The 2018 Thanksgiving air travel period runs from Friday, Nov. 16, through Tuesday, Nov. 27, with the busiest day projected to be Sunday, Nov. 25, when an estimated 3.06 million passengers will take to the skies.
“The busy holiday travel season kicks off this week, and it is thanks to incredibly accessible and affordable flight options that more travelers than ever before are visiting loved ones, wrapping up year-end business or enjoying a vacation this Thanksgiving,” said A4A Vice President and Chief Economist John Heimlich. “U.S. airlines are investing heavily in their employees, products and facilities to make air travel this holiday season enjoyable for all passengers.”
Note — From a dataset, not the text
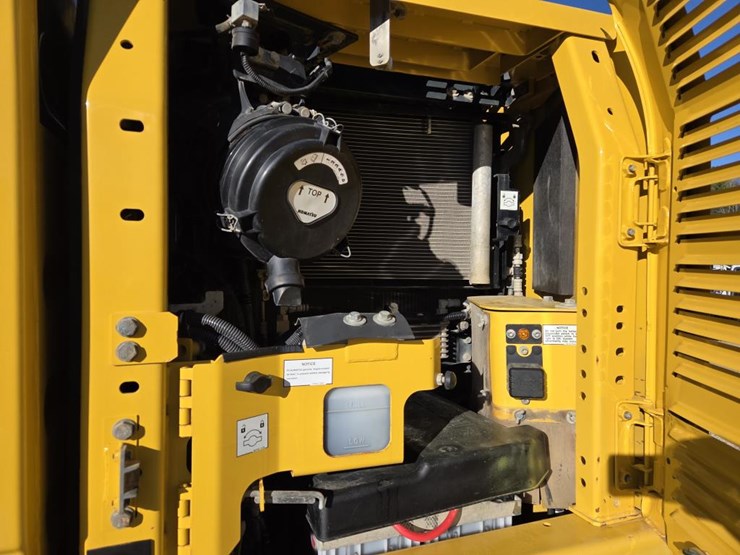 2021-komatsu-pc130-image-34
Daily passenger volumes are projected to range from 1.73 million — on Thanksgiving Day itself — to 3.06 million on the Sunday following Thanksgiving. The busiest expected travel days in ranked order are:
- Sunday, Nov. 25
- Wednesday, Nov. 21
- Friday, Nov. 16
The lightest travel day is expected to be Thanksgiving Day, Thursday, Nov. 22.
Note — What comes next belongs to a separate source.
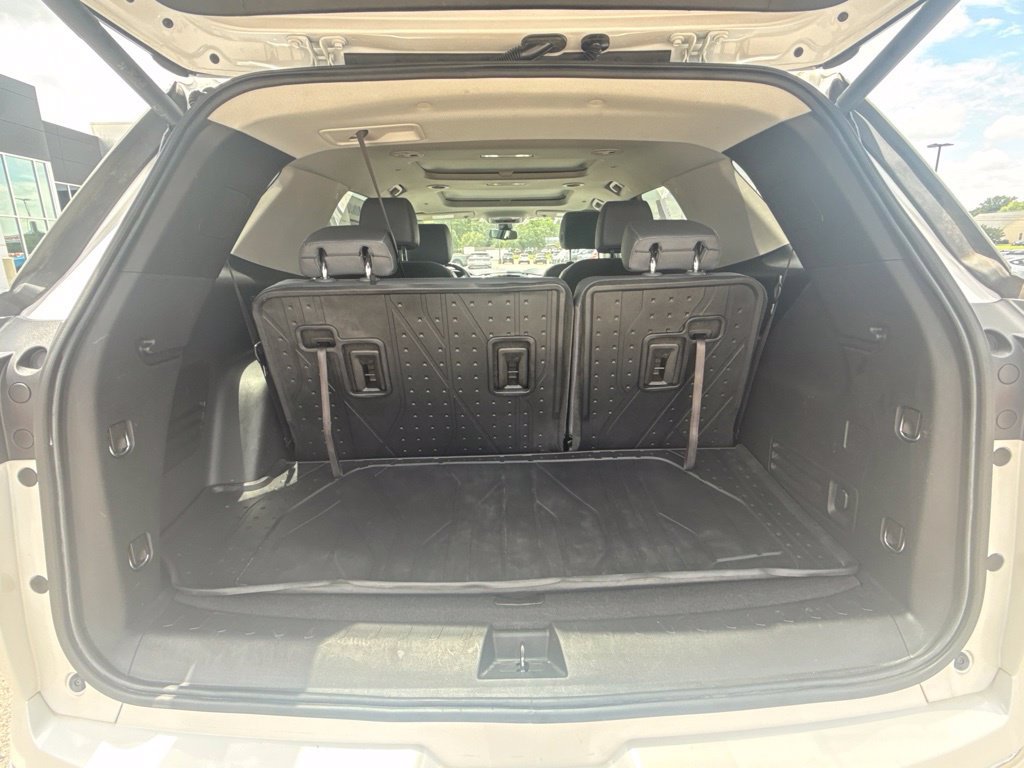 Used 2021 Chevrolet Traverse Premier AWD/4WD image 10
Airlines rise to meet the growing demand for air travel
As demand for air travel continues to grow, airlines are working hard to improve the customer experience from check-in to touchdown, working with airports and investing heavily in employees, aircraft and facilities. As finances have improved, U.S. passenger airlines have directly invested more than $115 billion in flight and ground equipment, facilities and information technology since 2010. In the first nine months of 2018 alone, airlines invested $13 billion back into the product with new planes, airport amenities and improved technology. According to the annual J.D. Power 2018 North America Airport Satisfaction Study released in September, North American airport satisfaction has climbed to a record high, rising to 761 points in 2018.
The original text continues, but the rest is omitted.